Morpheus UX: Dataset Parameter Persistence
A smaller but user-facing fix worth calling out: the dataset query parameter was being dropped when users switched tabs or clicked breadcrumb navigation inside Morpheus. This meant the UI would silently lose context, forcing users to re-select their dataset. The fix ensures the parameter is persisted through tab switches and breadcrumb navigation — a subtle but frustrating UX regression that's now resolved (commit 36222e5).
Codebase Architecture: ADRs, Docs, and Decomposition
Part of the hardening sprint involved structural improvements that won't show up in feature metrics but matter enormously for maintainability:
- 8 Architecture Decision Records (ADRs) written, covering decisions that were previously implicit or tribal knowledge.
- 11 new documentation pages across five previously underdocumented modules.
- 4 oversized files decomposed — each was more than 3× the project's file size guideline. Breaking these apart improves testability and makes the codebase easier to navigate.
- Docker hardening — the development and CI Docker configurations were reviewed and tightened.

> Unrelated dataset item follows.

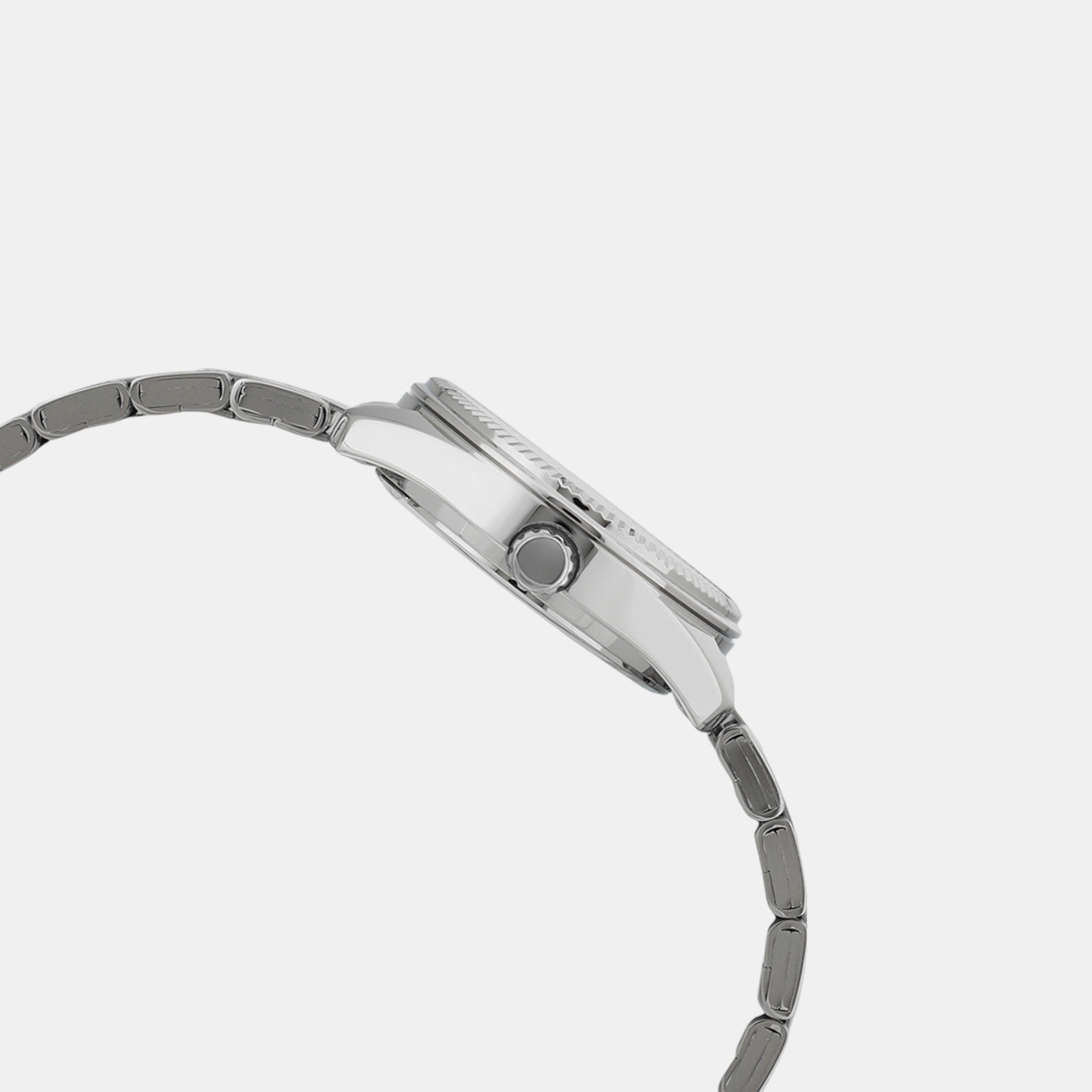 Enticer Men Quartz White Dial Analog Stainless Steel Watch A1539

Going from zero ADRs to eight in a single session is a significant knowledge capture moment. These documents will pay dividends the next time someone asks "why does it work this way?"
Dependency Updates
We also rolled forward several key dependencies today:
- Vite 8 and plugin-react 6 — keeping the frontend build toolchain current.

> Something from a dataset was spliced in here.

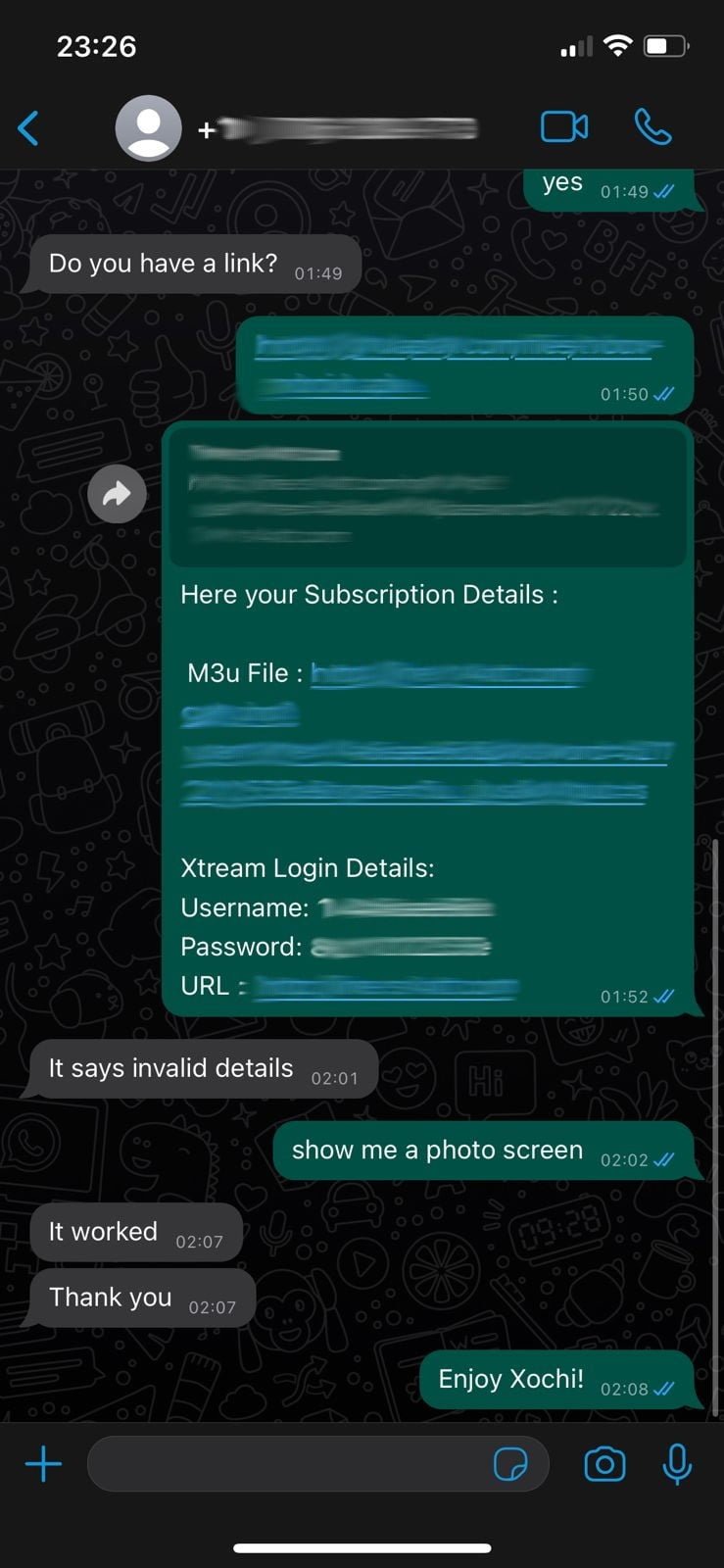 Positive experience with TV streaming service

- Ollama 0.6 and LangChain 1 — AI integration libraries bumped to latest stable.
- sentence-transformers and transformers — Python AI requirements updated.
- laravel/tinker 3.0.0 — bumped from 2.11.1.
None of these are risky upgrades in isolation, but doing them together while CI is green (rather than red) makes it much easier to catch any regressions they introduce.
What's Next
With CI green and a solid synthetic dataset in hand, the immediate priorities are:
- OMOP ETL validation — run the AtlanticHealth synthetic cohort through the Morpheus OMOP conversion pipeline and validate concept mapping coverage.
- Test coverage growth — 147 new tests is a great start from 6%, but we want to reach a meaningful floor (targeting 40%+) before the next major feature push.
- PHPStan baseline reduction — the 31 known errors in the baseline are technical debt. Now that CI is stable, we can chip away at these systematically.
- Investigation module hardening — the TypeScript fixes today were correctness patches; a deeper review of the investigation module's data flow is warranted.
Today was a grind in the best sense — the kind of session where you clear out months of accumulated friction and leave the codebase meaningfully better for everyone who touches it next.